According to the Association for Democratic Reforms, the number of Lok Sabha MPs with declared criminal cases against them has increased by 44% in the last decade. The Supreme Court has sought the address this rising 'criminalisation of politics'.
On 13 February, a Bench led by Justice Rohinton Nariman reminded political parties of their duty to widely publicise the criminal antecedents of its electoral candidates. In particular, it directed them to comply with the Supreme Court’s 2018 judgment in Public Interest Foundation v. Union of India.
The 2018 judgment contained a series of directions to parties. Mainly, they were aimed at forcing parties to widely publicise the criminal antecedents of electoral candidates. Parties had to publish these details not only on their websites, but also in widely circulated newspapers and electronic media.
More than a year after the judgment, lawyer and BJP member Ashwini Kumar Upadhyay and others filed contempt petitions against the Election Commission of India (ECI) for failing to enforce the 2018 directions. Justice Nariman’s Bench took note and on 13 February 2020 re-iterated these directions. It also ordered the ECI to report any parties to the Supreme Court who fail to comply.
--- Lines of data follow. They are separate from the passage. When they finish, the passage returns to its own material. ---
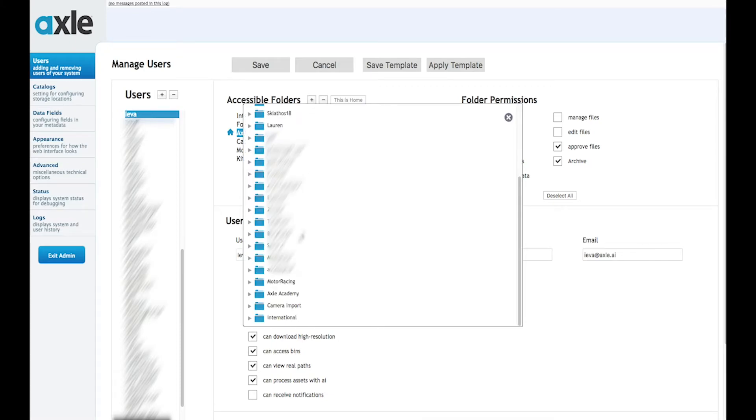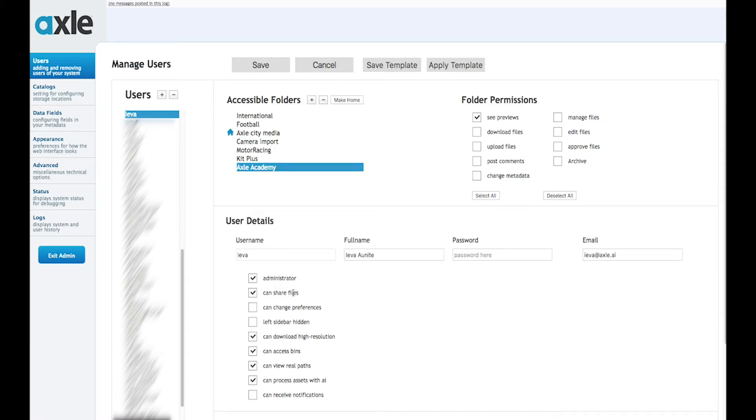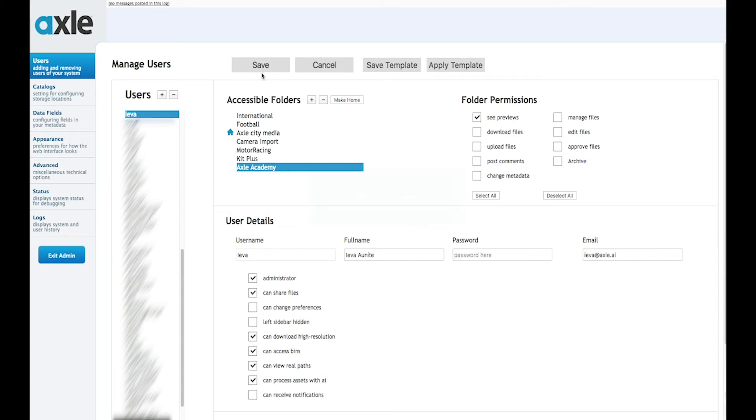Once added, check the required permissions then click the save button and ask the user to refresh their browser page in order to see the changes.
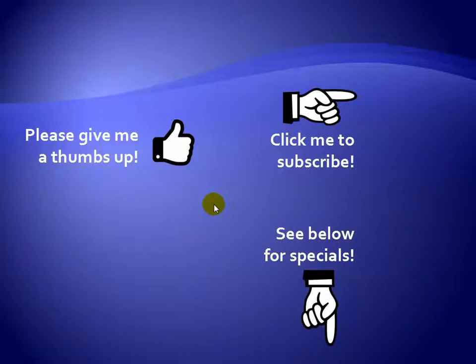Thanks for watching. Hey, as a quick reminder, if you like my video, please give it a thumbs up. You can also click on me and subscribe to my channel to get notified of the latest videos. And for great specials on my products, please see the description below this video.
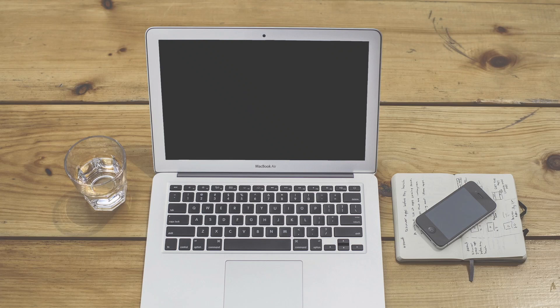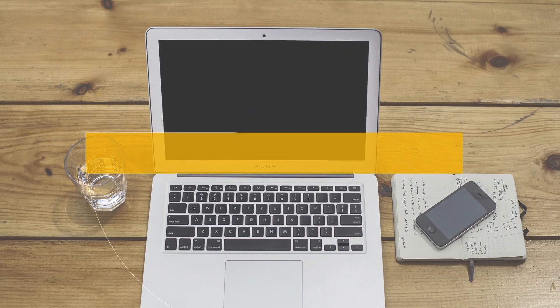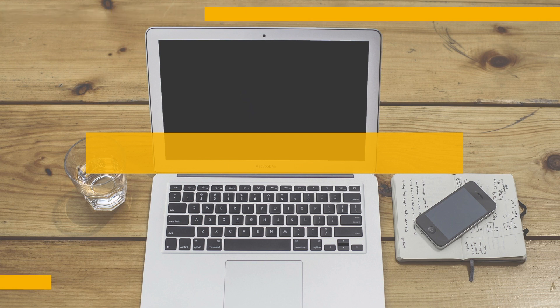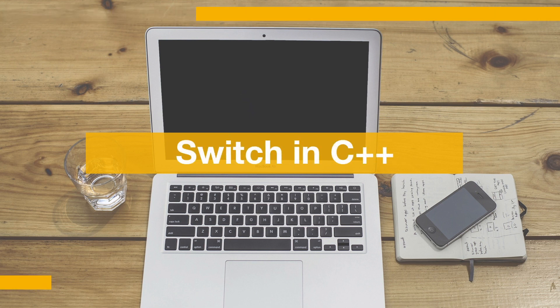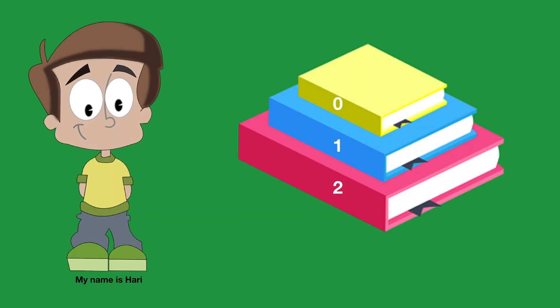Hi, welcome back to the C++ course. In this section, we are going to learn how to use the switch statement. We are going to take a real situation here. So let's get started.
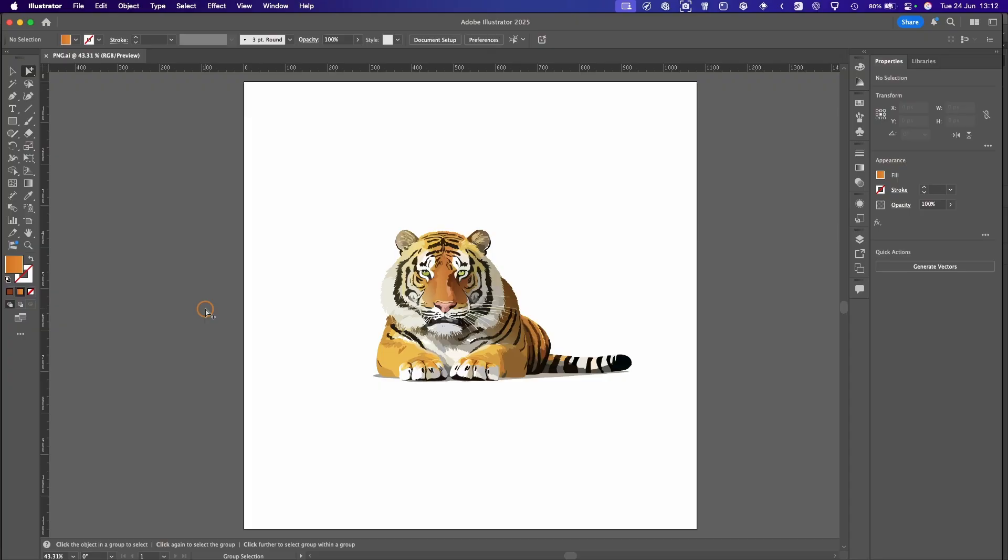So here we are in Illustrator. I've got my graphic here which I've used Illustrator's generative AI to produce. If you'd like a video on this, please drop a comment below and I'll be happy to make one. Back to this video, what we want to do is export the PNG so this white area here is transparent.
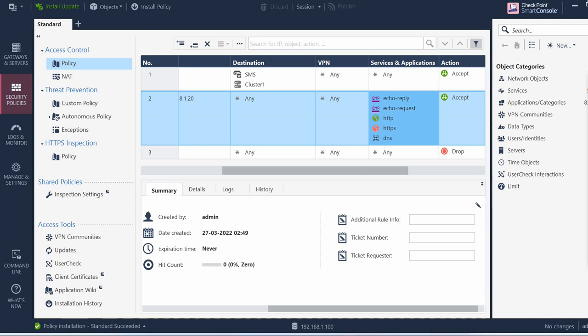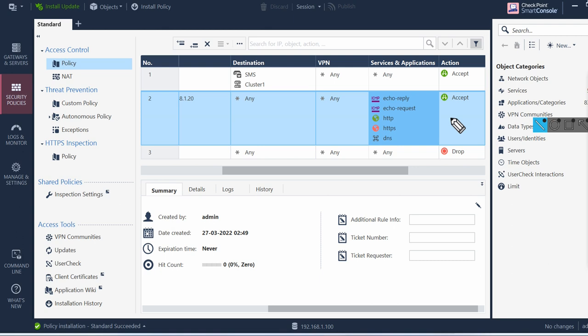Firewall again, let's see what feature is added on r81.10. If you see here there's something called install update, so let's see what you will see if you click that install update.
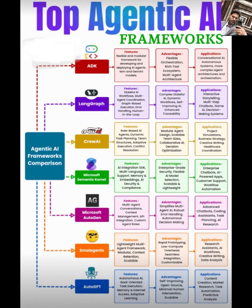Hey everyone, welcome back to the channel. Today we're diving into the world of agentic AI frameworks — tools that are revolutionizing how we build intelligent autonomous systems. I've got a handy comparison graphic to break down the top frameworks out there, so let's jump right in and explore what makes each one tick. We'll cover their features and advantages. Let's go.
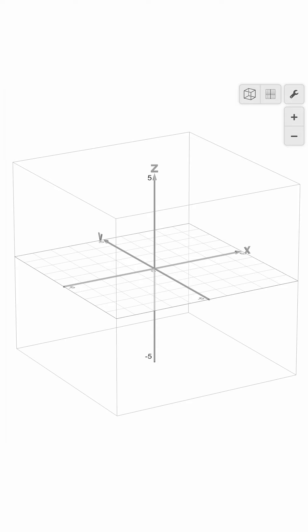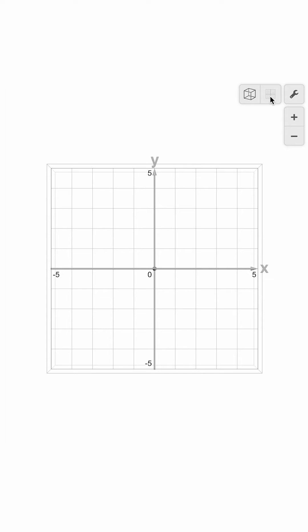To see the familiar xy plane that we use in our two-dimensional calculator, click this grid icon in the top right labeled xy orientation. To get back to a 3d view, you can drag or click the default orientation icon.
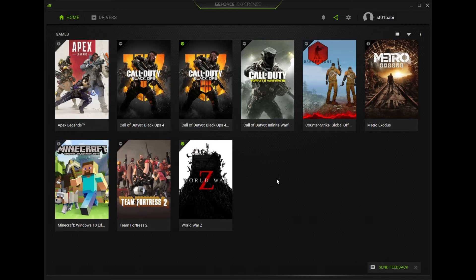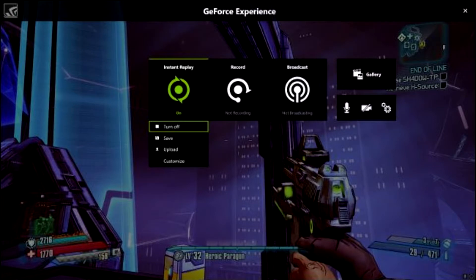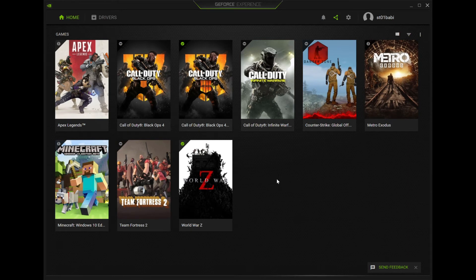So the game bar — I'm actually using it to record right now. It has several options: you can record and you can stream. It has multiple features and you can turn the mic on and off. It has all these different things. To bring up the game bar, just hit the Windows key and G at the same time. It's very simple.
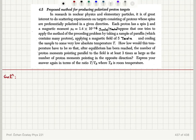Proposed method for producing polarized proton targets. In research in nuclear physics and elementary particles, it is of great interest to do scattering experiments on targets consisting of protons whose spins are preferentially polarized in a given direction. Each proton has spin 1/2 and a magnetic moment mu_0 = 1.4 × 10⁻²⁶ joules per tesla. Suppose one tries to apply the method of the preceding problem by taking a sample of paraffin, which contains many protons, applying a magnetic field of 5 tesla and cooling the sample to some very low absolute temperature T.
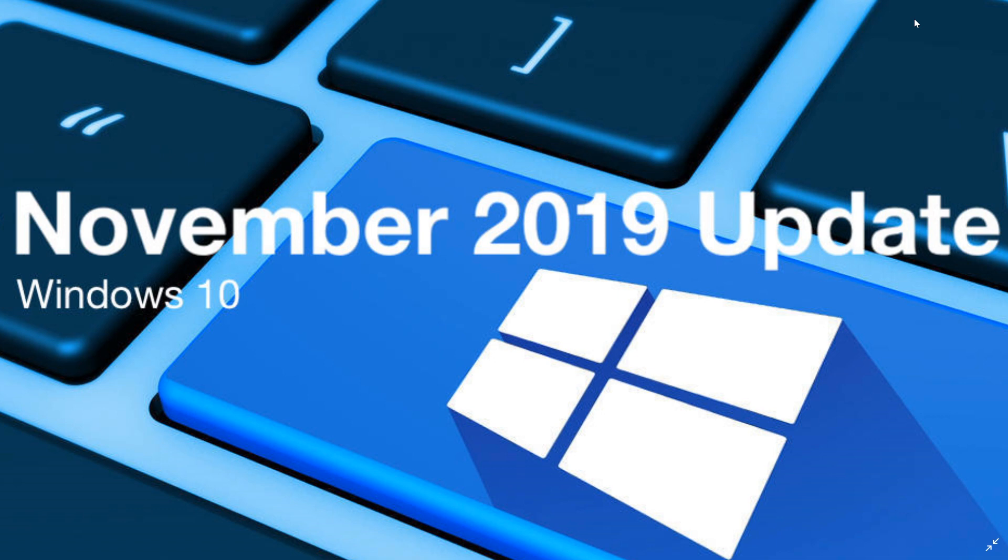And like I said last week, if you have one version of Windows 10 you want to be on, I think this one is the version. The November 2019 update is the version you want to be on.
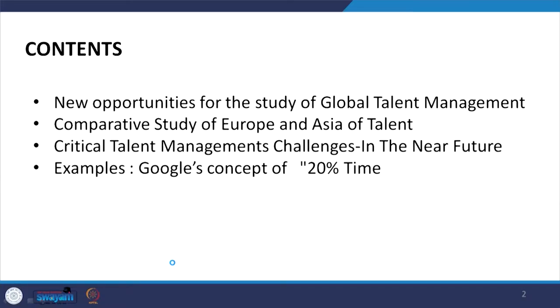So far, the question arises: what are the trend management challenges in the near future? The topics include new opportunities for the study of global talent management, a comparative study of Europe and Asia, critical talent management challenges in the near future, and examples such as Google's concept of 20 percent time.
It remains to be seen if these latest directions will mitigate the rising criminalisation of politics. The Court itself pointed out in its 2018 judgment that more needs to be done to keep criminals out of politics. However, it observed that this was best left to Parliament. Paying due respect to the separation of powers, the Court stressed that law-making belongs to the exclusive domain of the legislature. Accordingly, it said that it at best could ask Parliament to make appropriate amendments to the Representation of Peoples Act, 1951.
Will we see new legislation preventing candidates with serious criminal charges framed against from contesting elections?